Supplied records:
------------------------------------
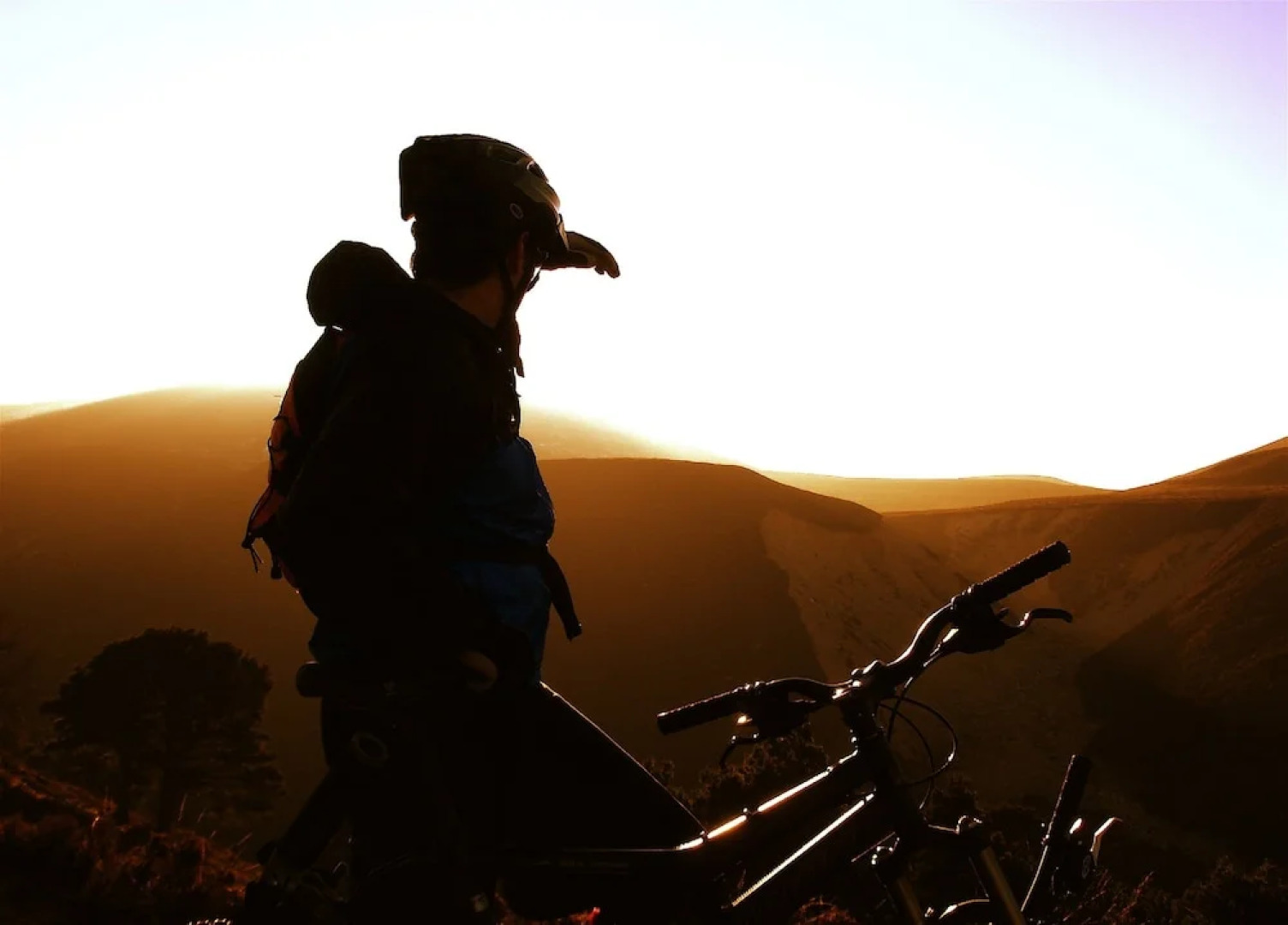 Macdonald Aviemore Highland Hotel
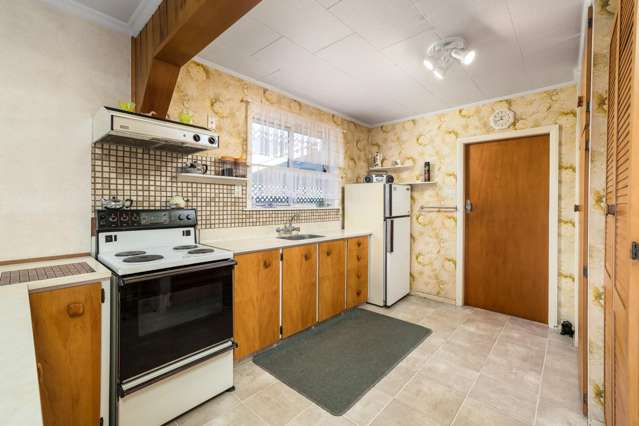 13 Maude Street Waimate_2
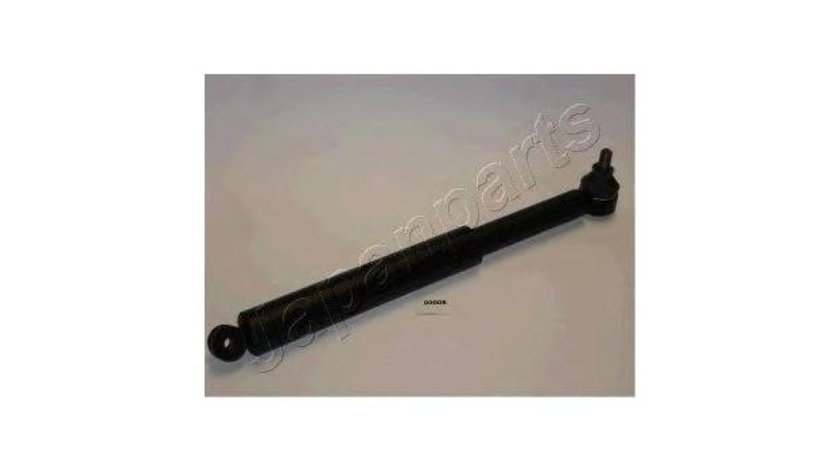 Alte piese sistem directie Toyota HILUX II pick-up (RN6_, RN5_, LN6_, YN6_, YN5_, LN5_) 1983-2005 #2 4570035051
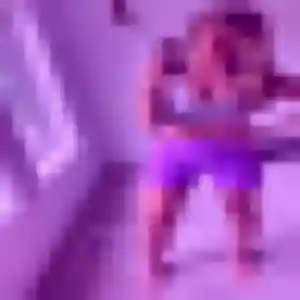 Jocelyne (36 ans) à Herrlisheim cherche une rencontre ce soir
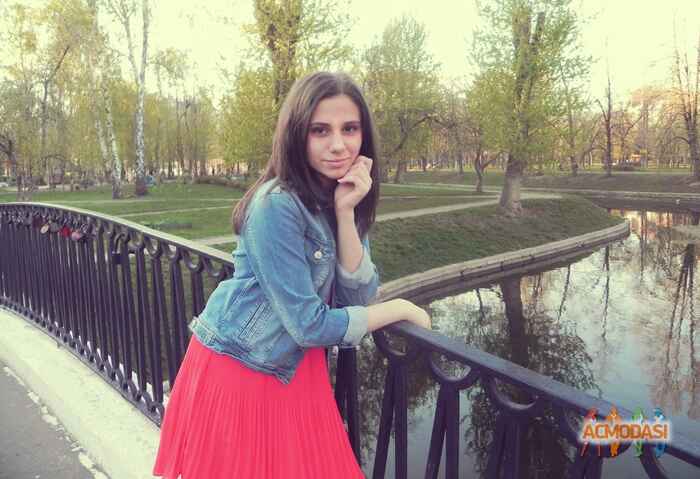 Ника  Прерадович фото №490235. Загружено 12 Сентября 2013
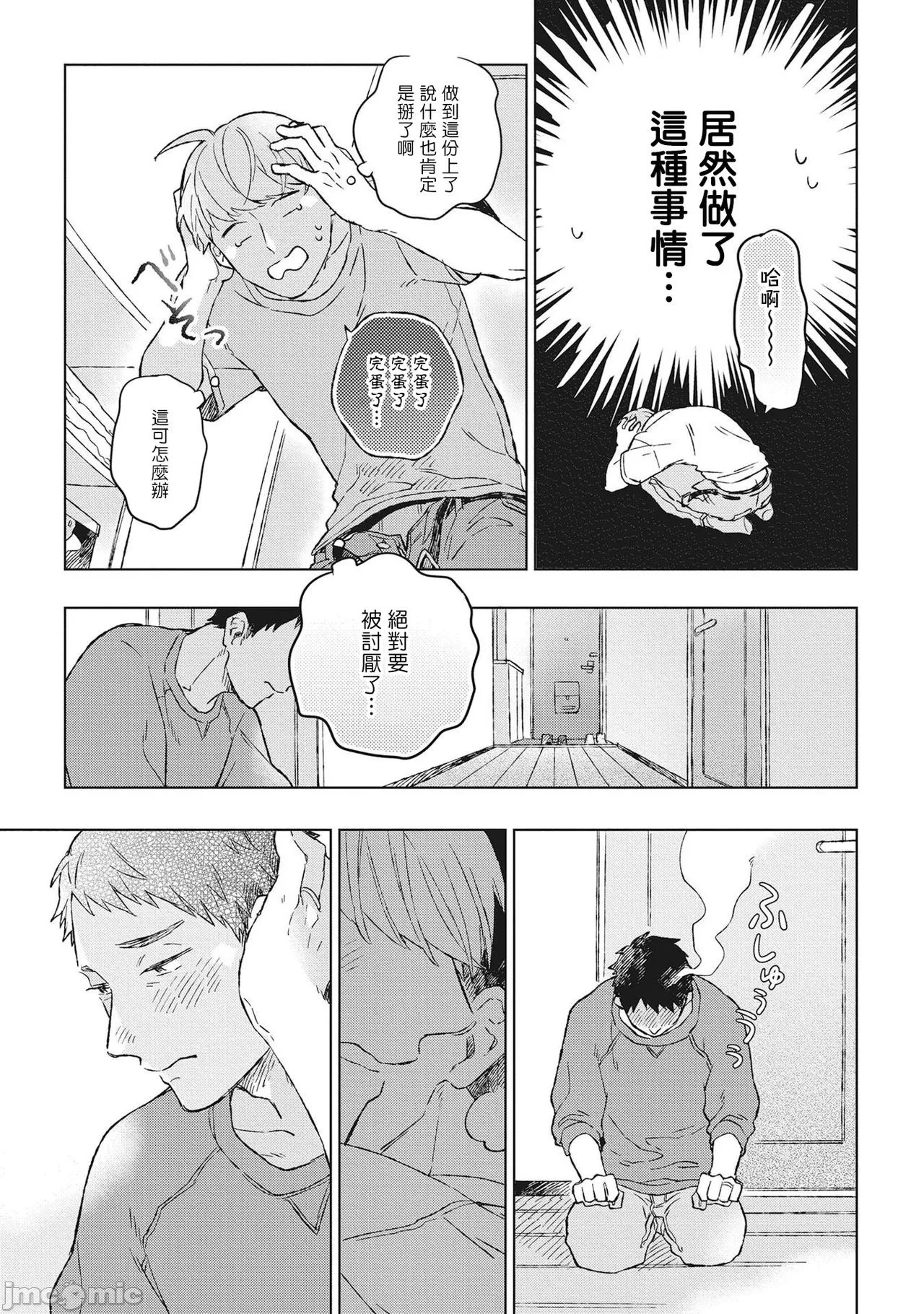 第 35 页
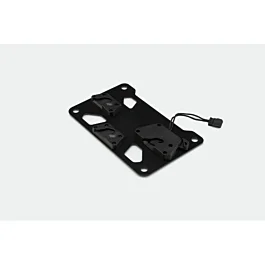 ksmotorcycles-620260925180107455689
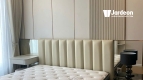 LUMIERE Riverside - 02 Bedrooms  apartment for rent - An Khanh Ward -Ho Chi Minh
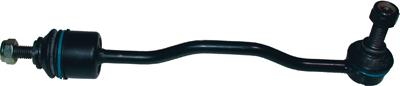 Birth BX2239 - Brat / bieleta suspensie, stabilizator aaoparts.ro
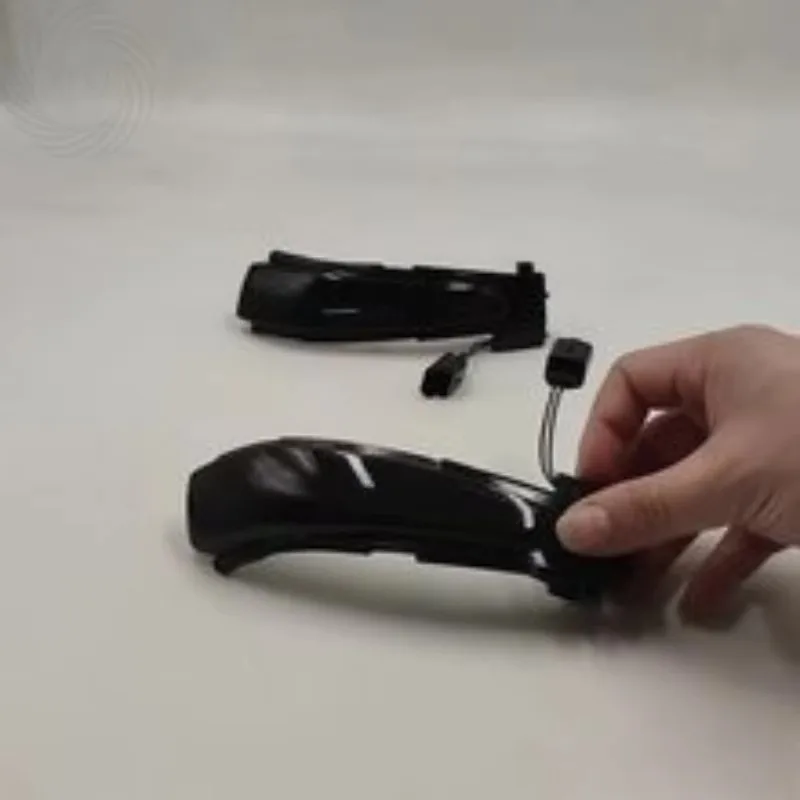 

Uiz For LED Mirror Turn Signal Light Dynamic Blinker Peugeot 508 SW Citroen DS5 C4 Grand Picasso II 2010-2017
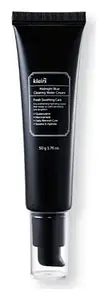 Dear, Klairs Midnight Blue Clearing Water Cream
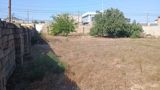 Satılır torpaq 10 sot — Land plot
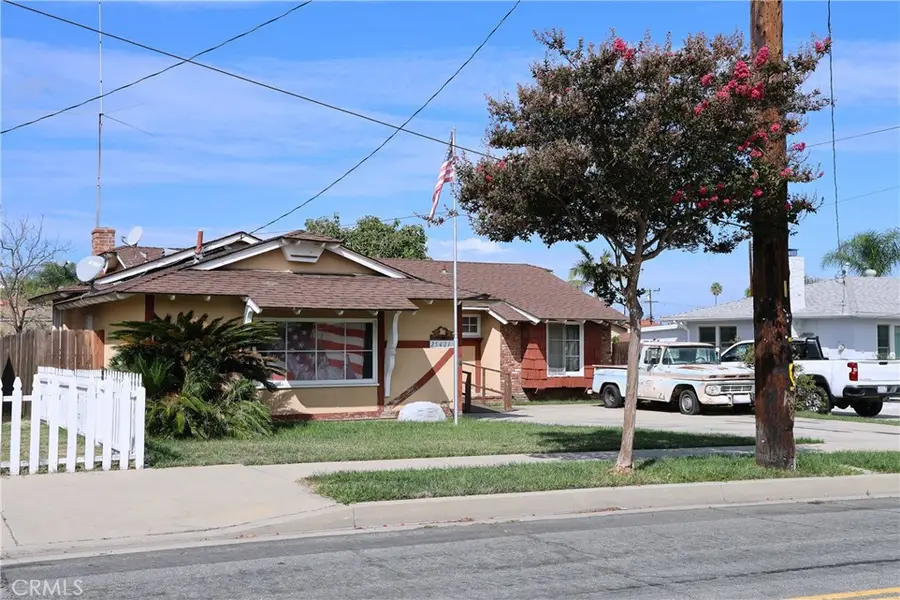 25421 Pennsylvania Ave, Lomita, CA 90717 - #2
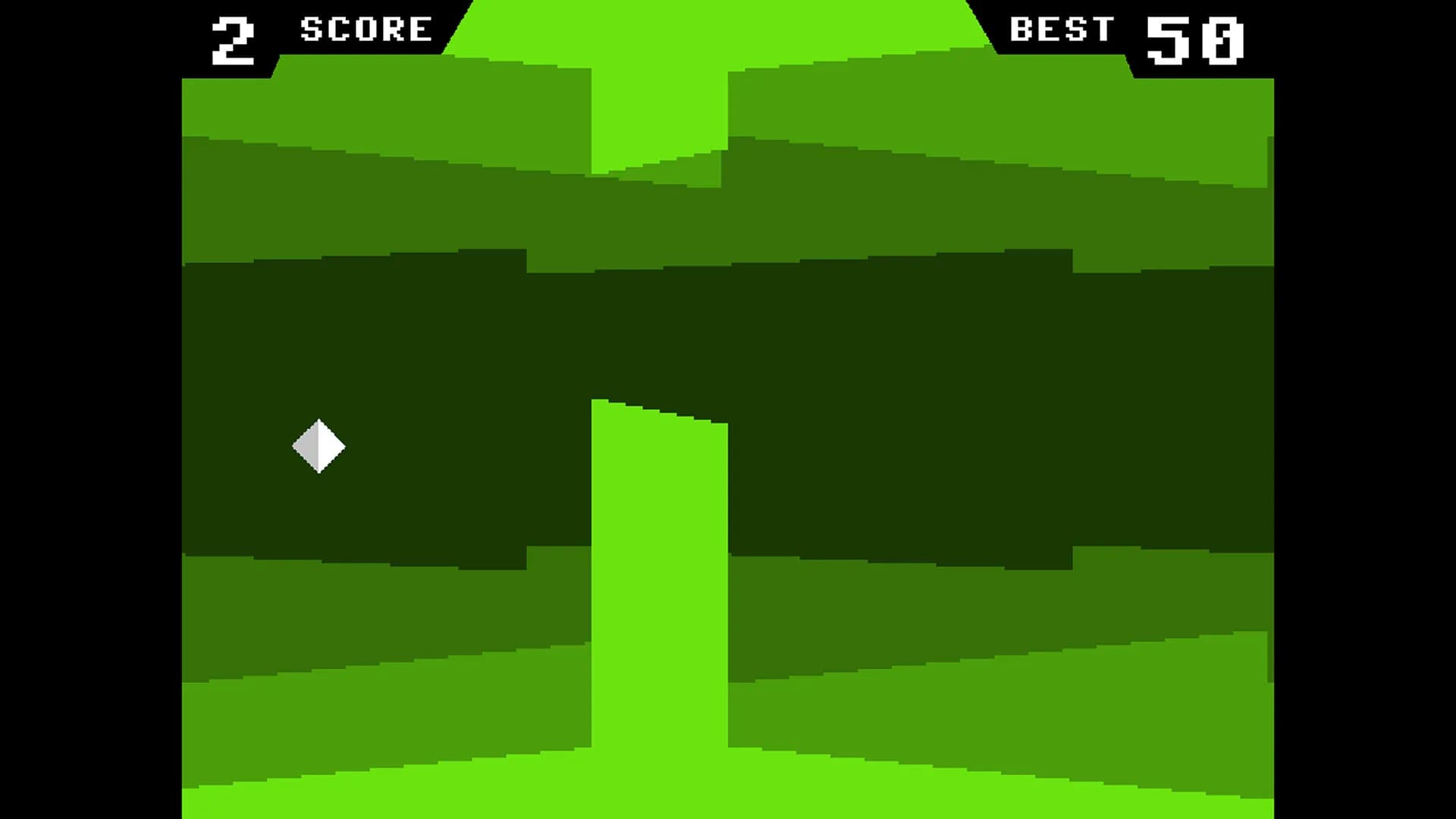 Terry's Other Games screenshot screenshot 4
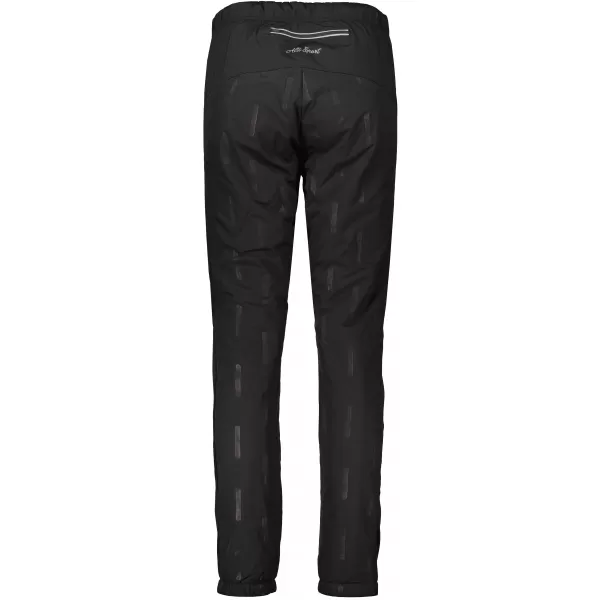  Damenhosen ALTISPORT FORDA LPAB707 SCHWARZ 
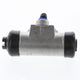 KELPRO WHEEL CYLINDER REAR LH SUZUKI 22.2 mm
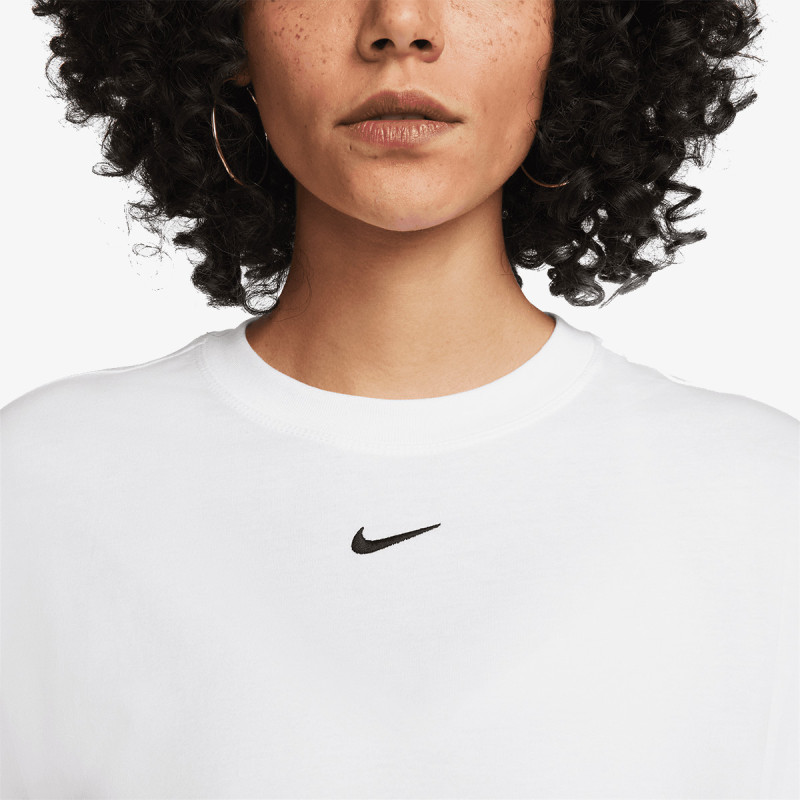 Nike Póló W NSW ESSNTL TEE BF LBR 
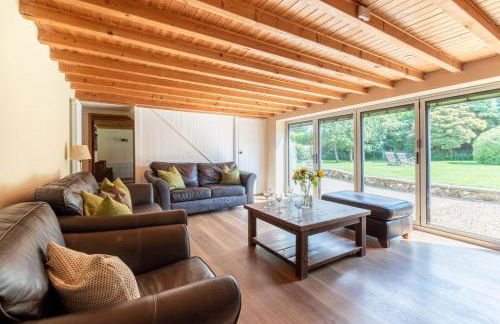 4 Bed in Holme-next-the-Sea oc-1264 - Foto 9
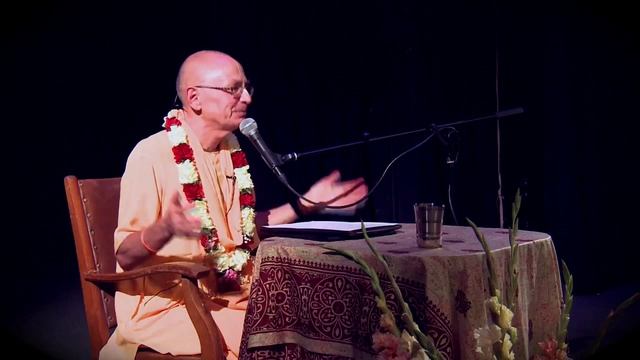 О совах и жаворонках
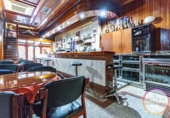 Bar en venta con 238m² en Carballo, Rúa Desiderio Varela foto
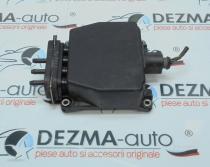 Grup vacuum, 6Q0906625E, Skoda Superb (3T4) 1.9tdi (id:247513)
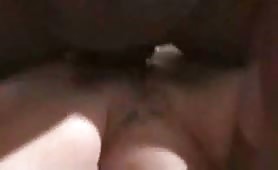 Blacked (231) - thumb 7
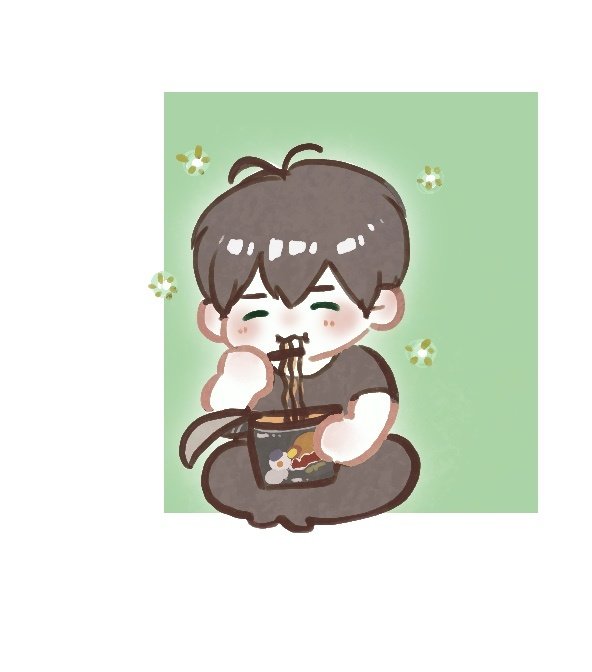 위잉둥둥❧ tweet media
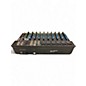 Used Harbinger LV14 Unpowered Mixer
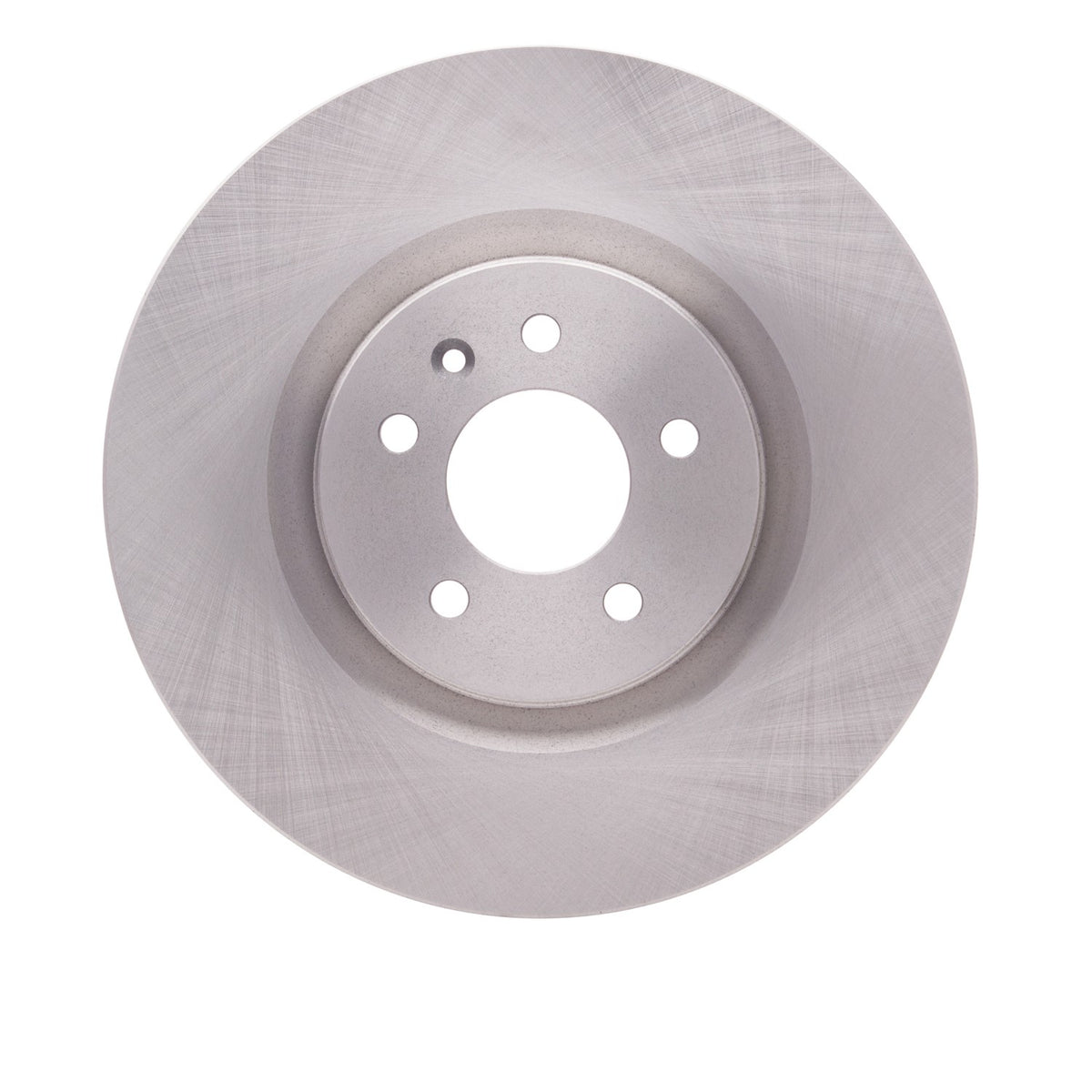 DFC 16-20 Buick Regal Sportback Front Brake Rotor 600-46042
------------------------------------
Task requirements: Reproduce, with the pictures omitted, exactly those lines that run from the line with "4 Bed in Holme-next-the-Sea oc-1264 - Foto 9" to the last line of the material, both ends included.

Task solution:
 4 Bed in Holme-next-the-Sea oc-1264 - Foto 9
 О совах и жаворонках
 Bar en venta con 238m² en Carballo, Rúa Desiderio Varela foto
 Grup vacuum, 6Q0906625E, Skoda Superb (3T4) 1.9tdi (id:247513)
 Blacked (231) - thumb 7
 위잉둥둥❧ tweet media
 Used Harbinger LV14 Unpowered Mixer
 DFC 16-20 Buick Regal Sportback Front Brake Rotor 600-46042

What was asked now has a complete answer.